Part of the problem is that wireless is a contention medium — users must share the available bandwidth, so wireless will always have overhead issues and more complex management requirements. While data traffic tends to be sporadic and bursty, voice can’t tolerate delays, so throughput is a key consideration. The WLAN must be engineered with consideration for those factors.

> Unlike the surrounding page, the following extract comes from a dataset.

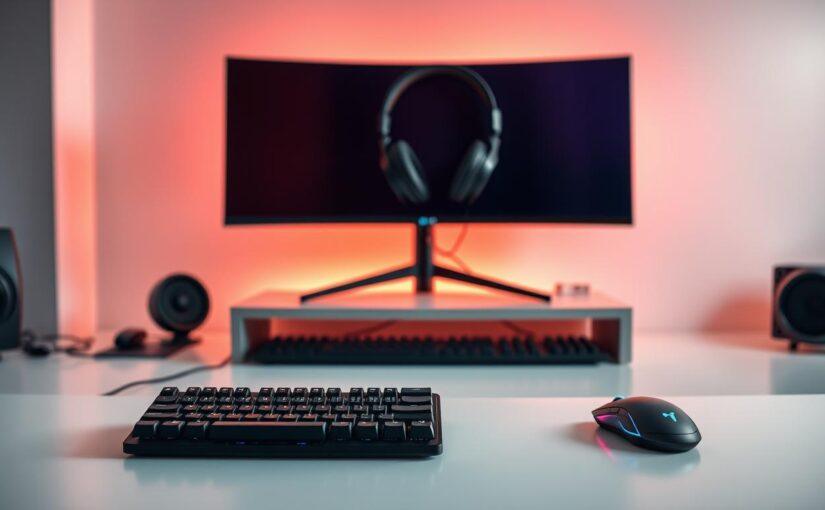 Wireless Gaming Gear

Coverage is another key issue. Unlike data-only WLANs, a VoWLAN infrastructure must be designed for mobile use, with blanket coverage of places such as hallways, stairwells and elevators where people will often need to use their phones. This means more APs must be positioned throughout the facility with sufficient overlapping coverage to eliminate dead spots.

Making the Switch

In recent years the WLAN market has shifted away from so-called “fat” APs toward a more centralized management approach — primarily to support VoWLAN roaming. As users move across multiple APs in the network, handoffs must take less than 50 milliseconds in order to maintain voice quality. However, distributed architectures severely hamper handoffs as all the intelligence resides in the AP itself.

Centralized WLAN switching solutions borrow from the best practices of cellular networks to actively improve call quality. If the switch sees that a client is getting a weaker signal, it can pre-authenticate the handoff to reduce latency. Stateful flow classification gives voice traffic top priority to further improve QoS, and load balancing distributes users across multiple APs.

VoWLAN is not meant to replace cellular phones. However, it helps organizations gain maximum advantage of their VoIP systems by giving every user one phone for both desktop and mobile use. And with evolving WLAN technology and sophisticated handset functionality, VoWLAN solutions can help organizations minimize cell phone costs while improving communications.